See Figure 1. for a typical Nile Dashboard view. The SLAs on this instance are grayed out because SLAs are disabled on lab test instances of the Nile Service Block (NSB).

Document image


To check for Latency in Infrastructure (DHCP, DNS, Radius, or Internet connectivity you can click on the Infrastructure tile or click on Infrastructure on the left-hand navigation. To check for Latency on Applications you can click on Applications. See Figure 2. for where to click.

Document image


Viewing Infrastructure Latency

Clicking on Infrastructure in the Left-hand navigation brings you right to details of Infrastructure Experience for the last 2 hours. If you click on the Infrastructure Tile, you then need to select the site you want to look at in order to reach this view. Figure 3. shows how the Infrastructure experience view is shown before you select one of the Infrastructure components to drill down into the details for.

Document image


To view details of a specific Infrastructure component click on the Name of the component.

When you select a component it will open a time-based graph of Availability and Experience for that Infrastructure type. Figure 5. shows how the DNS Experience over the last two hours has been. In this case, some spots of higher latency are seen on the graph and marked by "bad experience" along with dips in latency showing improvement.
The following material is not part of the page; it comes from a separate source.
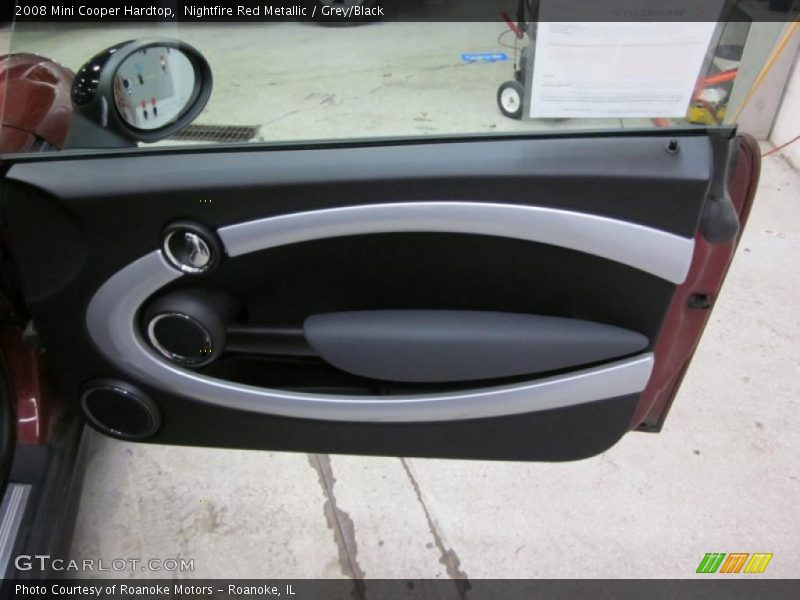 Nightfire Red Metallic / Grey/Black 2008 Mini Cooper Hardtop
Note that on this graph, "Now" is on the right side and as you look further left, you are looking farther back in time.

Document image


To change the time duration to see longer (or shorter) time periods, you can adjust the time settings on the top right of the Nile Portal screen.

Viewing Application Latency

In order to view Application latency in more detail, from the Nile Portal Dashboard you click on the Application Tile. Then navigate on the map and click on the site where you want to view Application Latency for. See Figure 7.

Document image


Once the site is selected, you can see the performance of all the applications. The red on any application bar shows problems and green shows good performance. See Figure 8.

Document image


In Figure 8. we can see several of the Applications had some issues. Selecting GCP, we can dive into the details of what happened. Once again you will click on the Name of the Application.

Document image


This opens a time-based graph view of GCP Availability and Performance (Latency). In a few cases you can see that the application has high latency and those spots are marked in red as a bad experience.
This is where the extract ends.